──────── The data ────────

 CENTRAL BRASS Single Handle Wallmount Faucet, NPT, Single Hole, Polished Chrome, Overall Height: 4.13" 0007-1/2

────────
──────── The data ────────

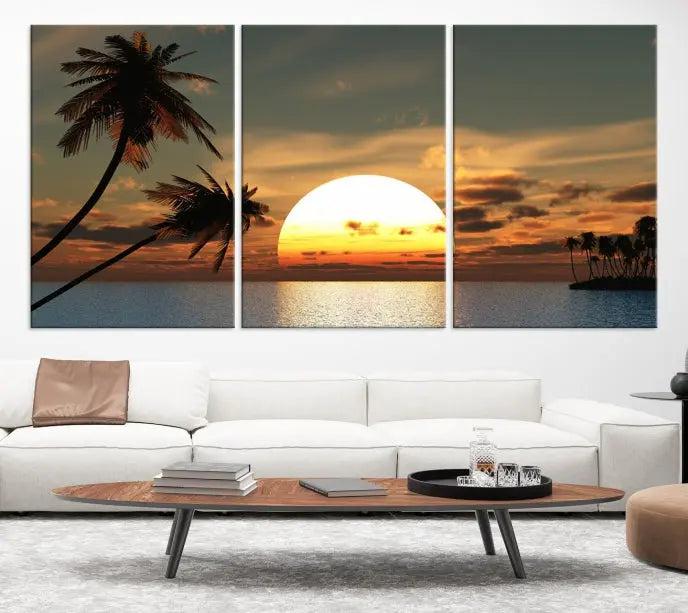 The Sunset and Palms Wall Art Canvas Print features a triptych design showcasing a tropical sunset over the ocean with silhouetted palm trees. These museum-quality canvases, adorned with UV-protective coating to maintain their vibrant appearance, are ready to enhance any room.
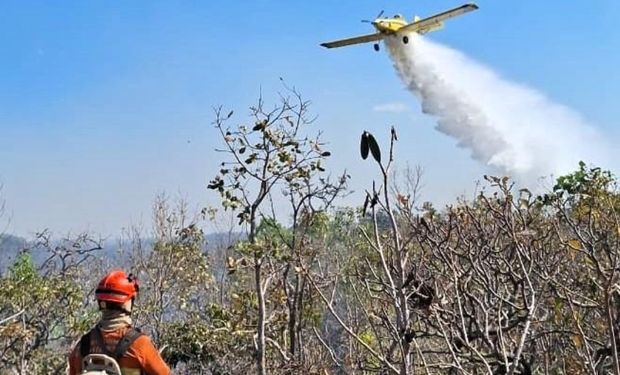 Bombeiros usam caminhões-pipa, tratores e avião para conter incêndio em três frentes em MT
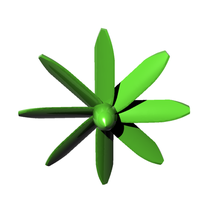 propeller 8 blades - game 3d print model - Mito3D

────────

Task goal:
With the pictures removed from your copy, retype the lines above from the one that contains "The Sunset and" through the one that contains "propeller 8 blades", exactly.

Answer section:
 The Sunset and Palms Wall Art Canvas Print features a triptych design showcasing a tropical sunset over the ocean with silhouetted palm trees. These museum-quality canvases, adorned with UV-protective coating to maintain their vibrant appearance, are ready to enhance any room.
 Bombeiros usam caminhões-pipa, tratores e avião para conter incêndio em três frentes em MT
 propeller 8 blades - game 3d print model - Mito3D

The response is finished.